MODIFY is the first clinical study in patients with FD to measure neuropathic pain as a primary endpoint, which uses an FDA-agreed PRO instrument to collect symptom information on a daily basis. Previously, neuropathic pain (or simply pain) has been assessed as a secondary or tertiary endpoint in most FD clinical studies, and only once as a primary endpoint in a single study [30]. There are various tools to assess general pain severity, which comprise non-specific questionnaires that have been developed and validated in other indications and include the BPI-SF [9,10], SF-36 [[11], [12], [13]], and the McGill pain questionnaire [14]. There are also questionnaires specific to FD (neuropathic pain symptom inventory [NPSI] [15] and the Fabry Pain Questionnaire [FPQ] [17,18]) but they are not suitable for use on a daily basis or to assess neuropathic pain as a primary endpoint in clinical studies. In line with guidance from The Committee for Medicinal Products for Human Use (CHMP) and the FDA, the “modified” BPI-SF3 is a unidimensional neuropathic pain scale that can be used in clinical studies assessing neuropathic pain as a primary efficacy endpoint in adult patients with FD. By providing a specific and adequate definition of neuropathic pain, it is expected that patients with FD will understand the concept in an accurate and intended manner. Furthermore, the “modified” BPI-SF3 is a tool that can be used on a daily basis using an electronic device.

GI symptoms in patients with FD can be episodic, alternating between diarrhea and periods of normal (and sometime reduced) bowel activity, and often mimic symptoms of FGID, such as IBS. Although the Gastrointestinal Symptom Rating Scale (GSRS), a PRO developed in other indications, has been previously used in FD studies, the recall period (7 days) is too long to capture symptoms that fluctuate on a daily basis [37]. The FABry Disease Patient-Reported Outcome-GastroIntestinal (FABPRO-GI) instrument was recently developed to specifically assess abdominal pain, diarrhea, and other GI symptoms in patients with FD but has, so far, not been evaluated in clinical trials [38]. Based on FDA advice to assess diarrhea and abdominal pain using PRO tools recommended by the FDA IBS guidelines [22], an NRS-11 to assess abdominal pain and the BSS to assess number and consistency of bowel movements were tested for use in patients with FD. Both tools were interpreted as intended by patients with FD, validating the use of these FDA-recommended tools to assess specific GI symptom endpoints in patients with FD.

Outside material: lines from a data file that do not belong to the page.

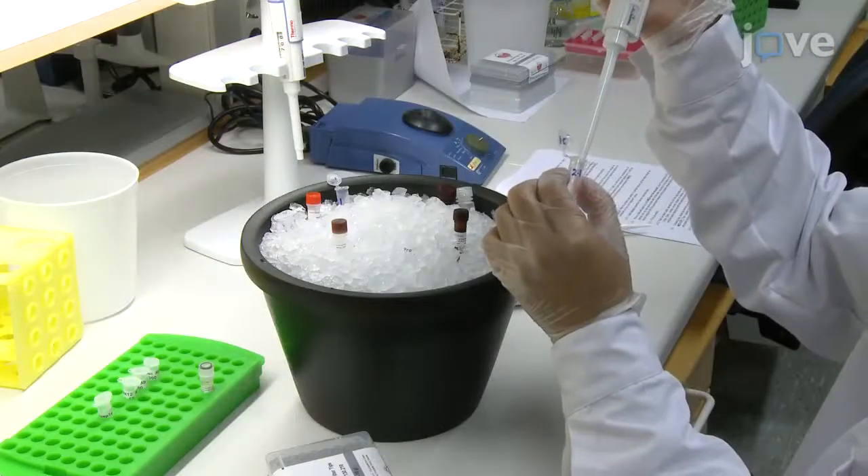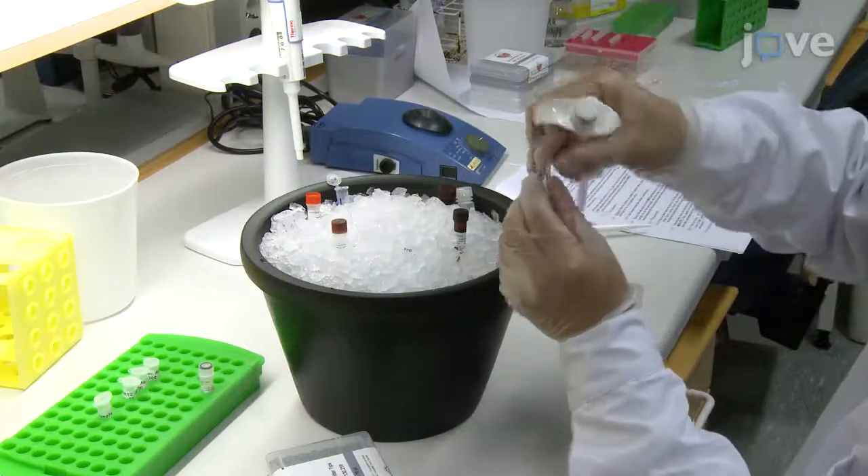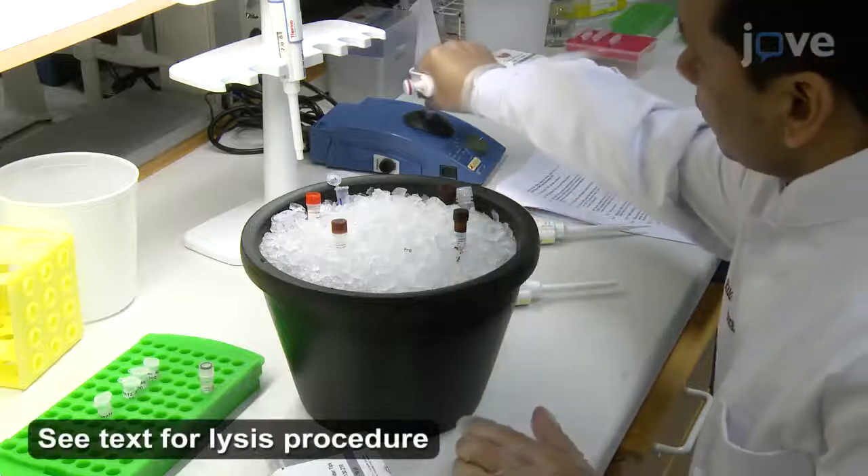Dilute previously isolated protein lysates using the sample diluent mix to obtain the desired concentrations.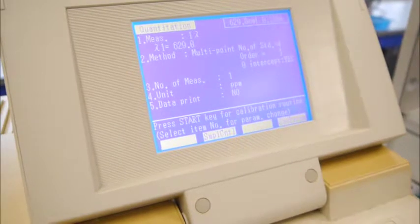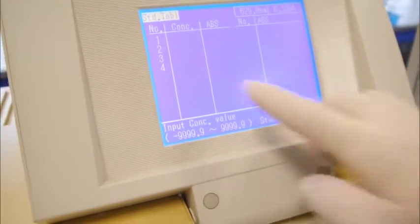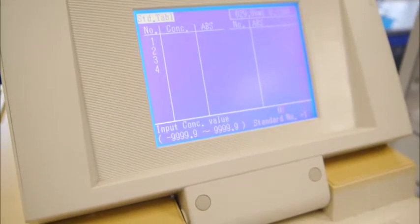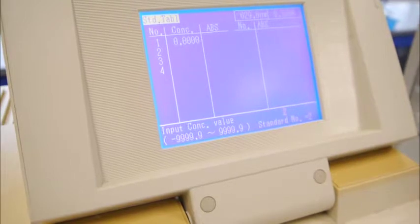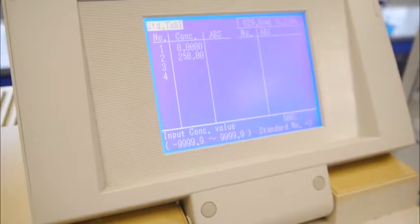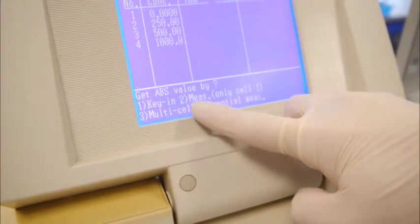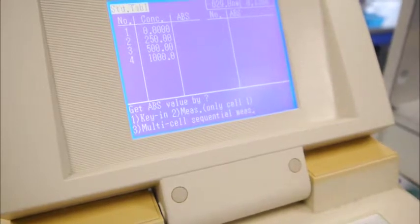Once you have done that, you will press start. You can then key in the concentration of the respective standard solutions. In this case, I will key in 0, which is my standard 1 — the blank — followed by the second standard at 250 ppm, the third standard at 500 ppm, and the last standard at 1000 ppm. Once done, I need to press 2 to command the machine to measure the cells.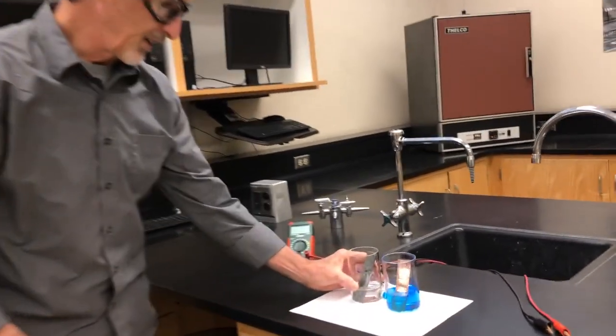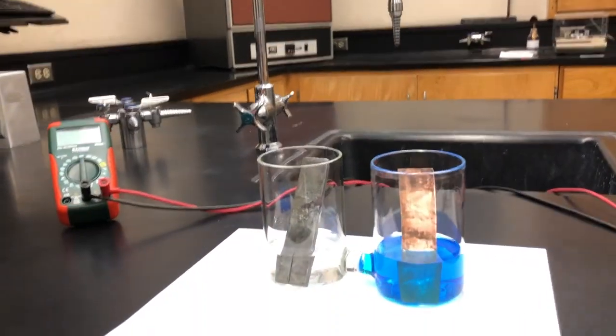Welcome everybody to our first virtual lab. This is going to be dealing with some electrochemical cells and reduction potentials. First of all, let's take a look at what constitutes an electrochemical cell.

The MODIFY study includes suitable and validated tools to assess primary and secondary endpoints for use in patients with FD, in line with health authority guidelines on endpoints in FD clinical studies. Study enrollment was completed in December 2020 with 118 patients randomized. Patients who complete MODIFY will have the option to enroll into an open-label extension study (NCT03737214), which will assess the long-term safety and tolerability of lucerastat, as well as the long-term effects on renal and cardiac function.

Funding source

The MODIFY study was supported by Idorsia Pharmaceuticals Ltd.